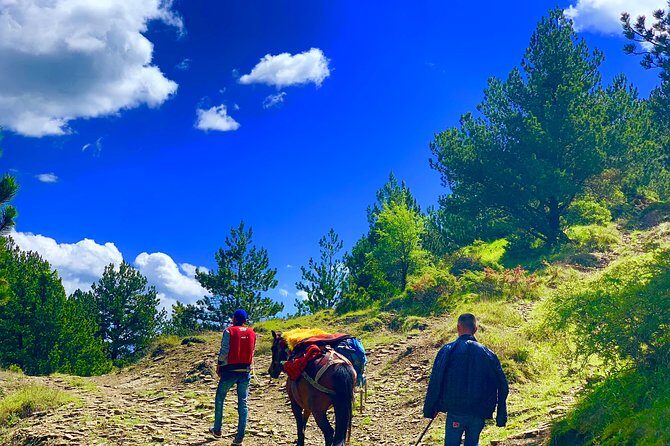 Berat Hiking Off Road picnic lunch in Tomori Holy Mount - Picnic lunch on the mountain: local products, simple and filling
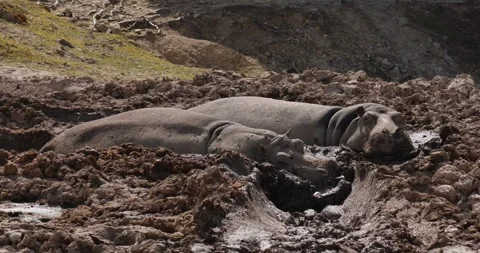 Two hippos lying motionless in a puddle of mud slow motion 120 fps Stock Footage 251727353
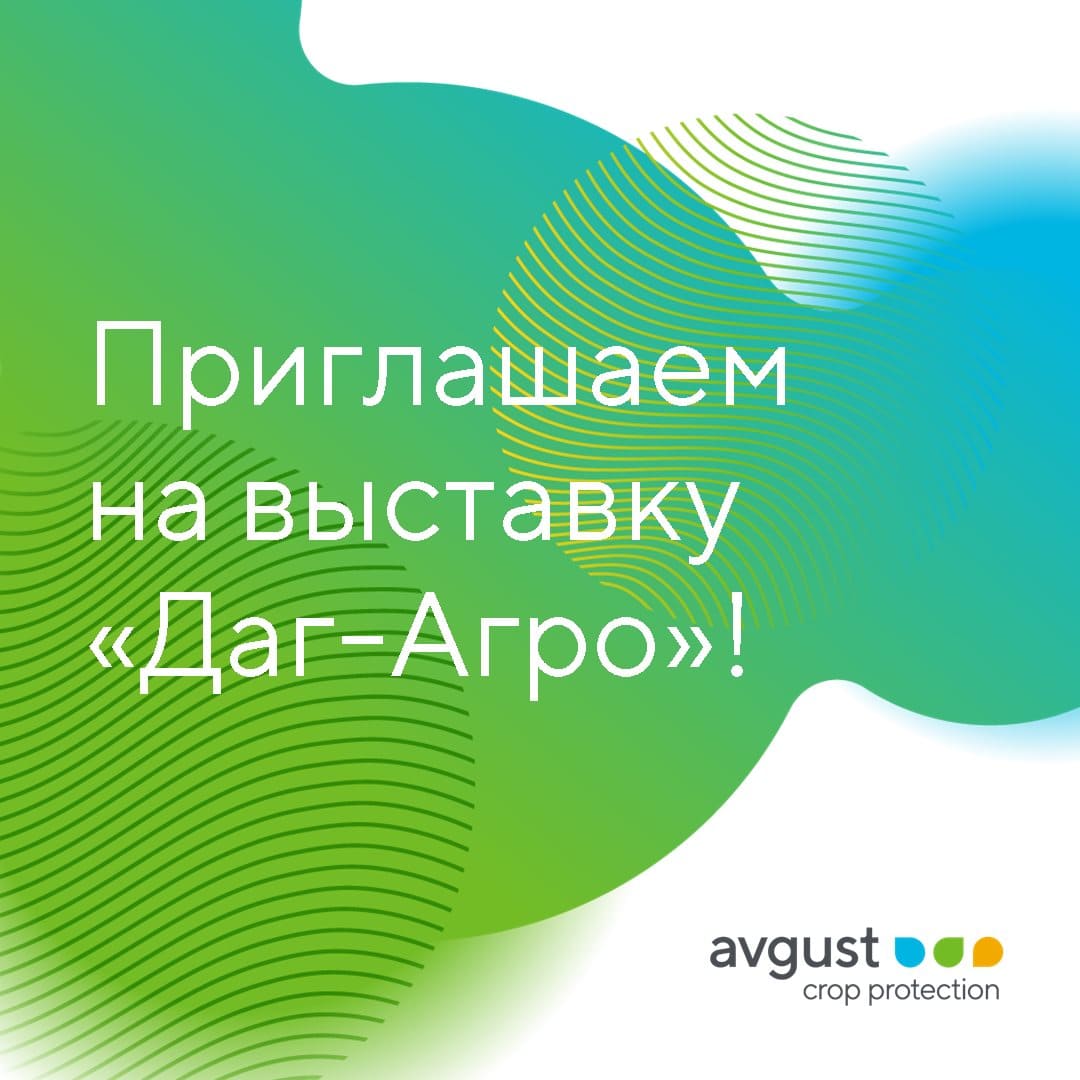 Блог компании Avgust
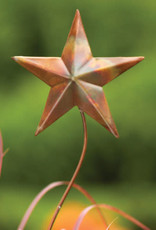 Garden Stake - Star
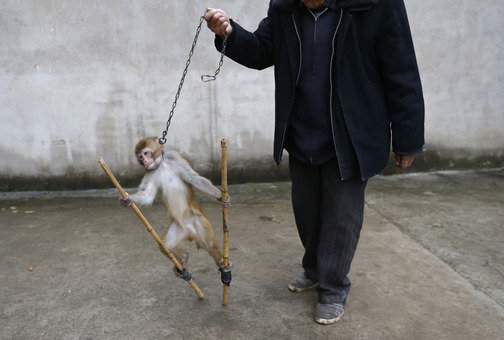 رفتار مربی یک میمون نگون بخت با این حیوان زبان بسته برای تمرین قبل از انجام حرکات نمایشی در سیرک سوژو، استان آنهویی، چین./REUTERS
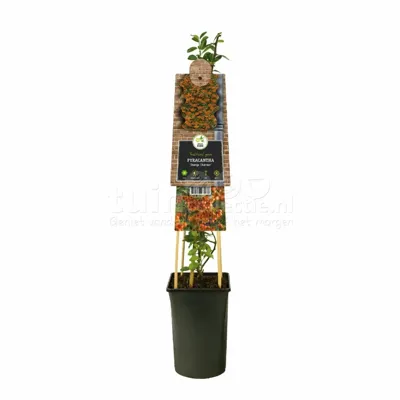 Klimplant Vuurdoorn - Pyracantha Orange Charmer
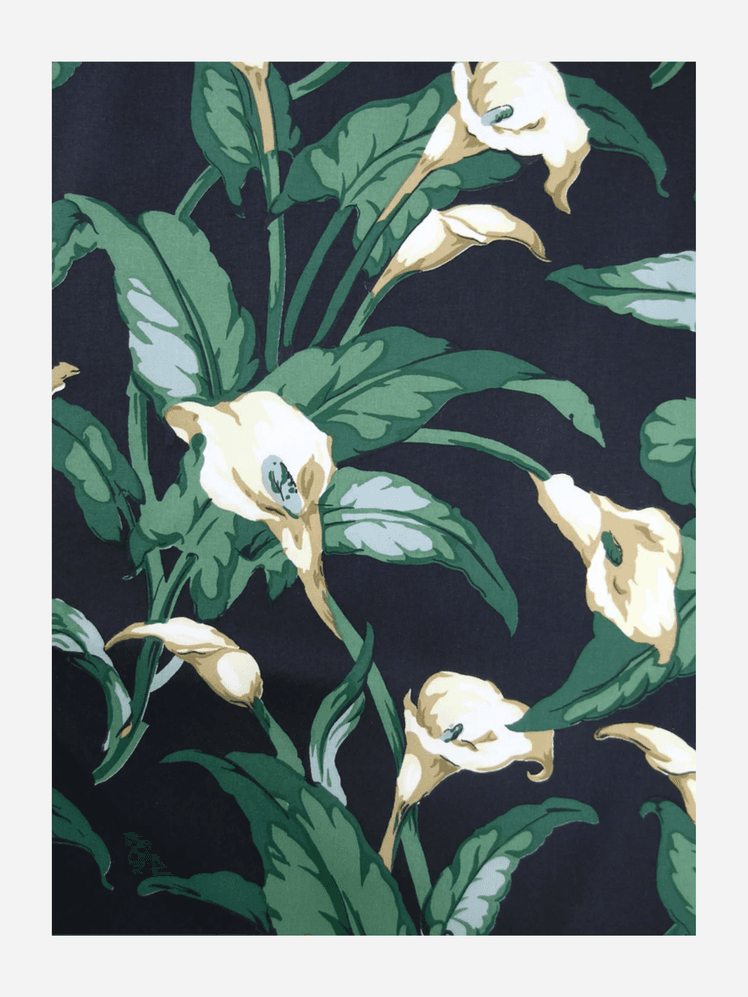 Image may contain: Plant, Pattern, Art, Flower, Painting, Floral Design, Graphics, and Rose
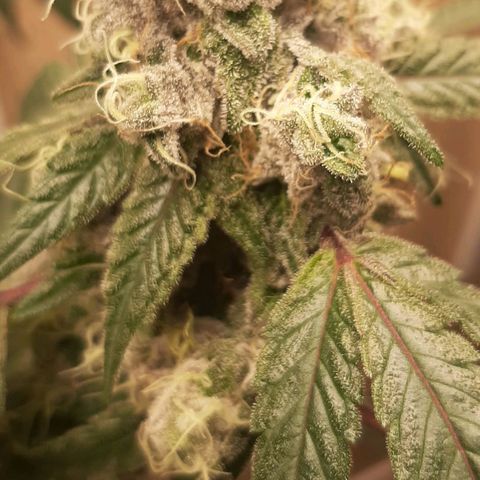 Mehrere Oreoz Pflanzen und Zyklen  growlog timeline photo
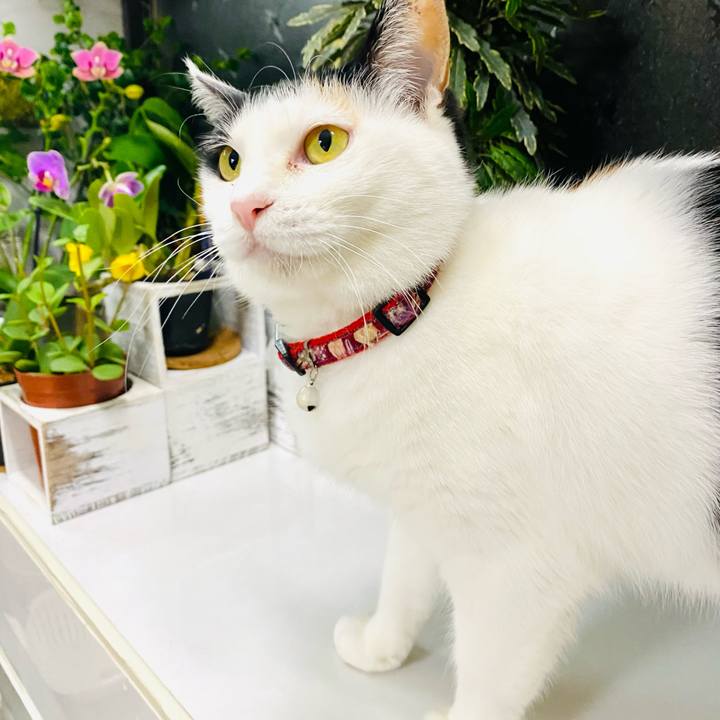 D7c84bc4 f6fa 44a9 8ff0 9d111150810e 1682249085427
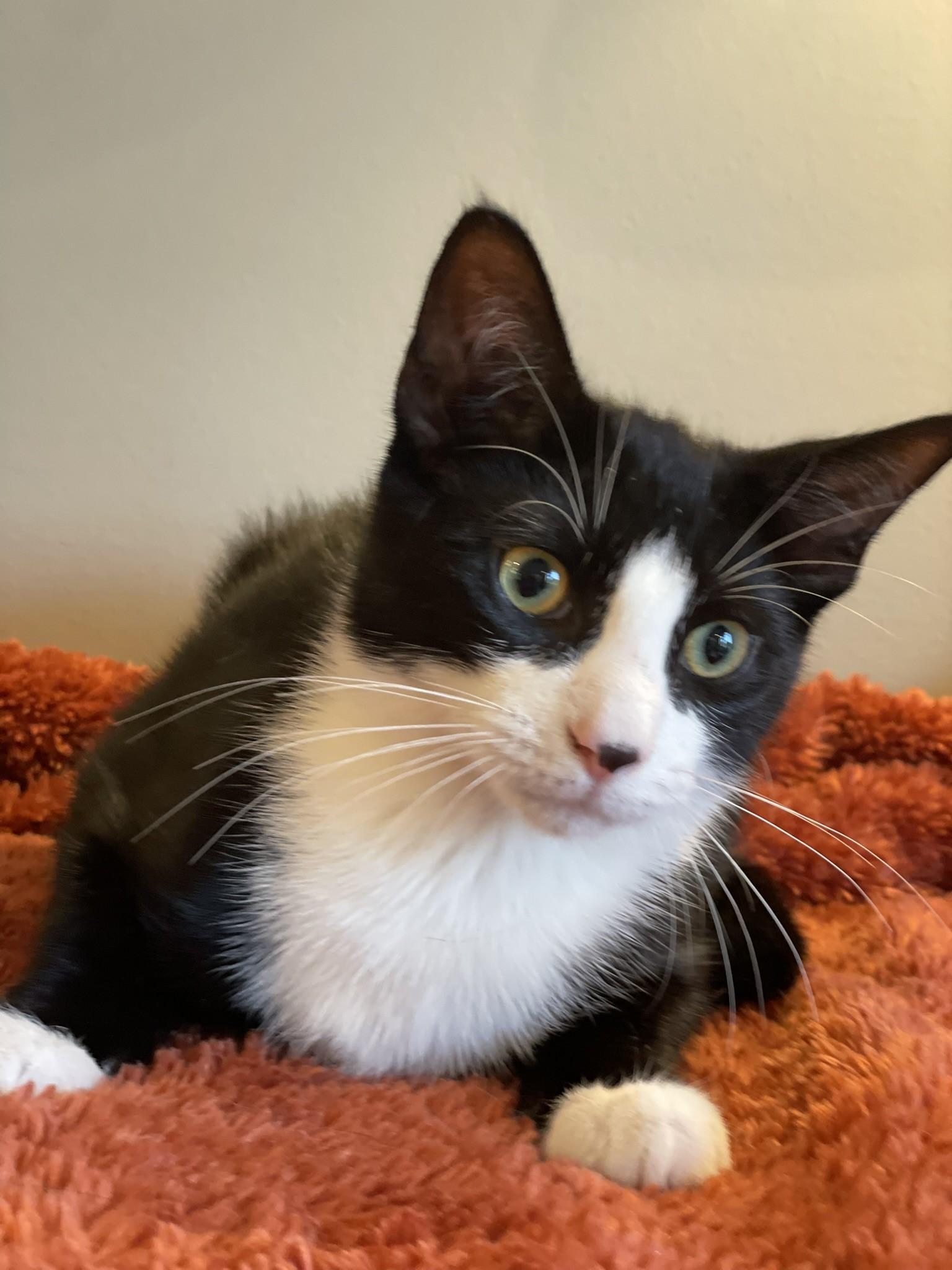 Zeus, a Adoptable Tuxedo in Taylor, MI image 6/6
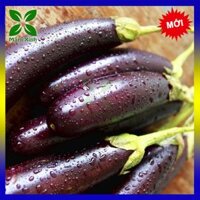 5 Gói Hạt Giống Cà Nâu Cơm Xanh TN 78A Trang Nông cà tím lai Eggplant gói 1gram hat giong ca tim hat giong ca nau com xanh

* * *

→ **Work instructions**:
Once the pictures are removed, set down what remains of the entries above exactly.

→ **Task output**:
 Berat Hiking Off Road picnic lunch in Tomori Holy Mount - Picnic lunch on the mountain: local products, simple and filling
 Two hippos lying motionless in a puddle of mud slow motion 120 fps Stock Footage 251727353
 Блог компании Avgust
 Garden Stake - Star
 رفتار مربی یک میمون نگون بخت با این حیوان زبان بسته برای تمرین قبل از انجام حرکات نمایشی در سیرک سوژو، استان آنهویی، چین./REUTERS
 Klimplant Vuurdoorn - Pyracantha Orange Charmer
 Image may contain: Plant, Pattern, Art, Flower, Painting, Floral Design, Graphics, and Rose
 Mehrere Oreoz Pflanzen und Zyklen  growlog timeline photo
 D7c84bc4 f6fa 44a9 8ff0 9d111150810e 1682249085427
 Zeus, a Adoptable Tuxedo in Taylor, MI image 6/6
 5 Gói Hạt Giống Cà Nâu Cơm Xanh TN 78A Trang Nông cà tím lai Eggplant gói 1gram hat giong ca tim hat giong ca nau com xanh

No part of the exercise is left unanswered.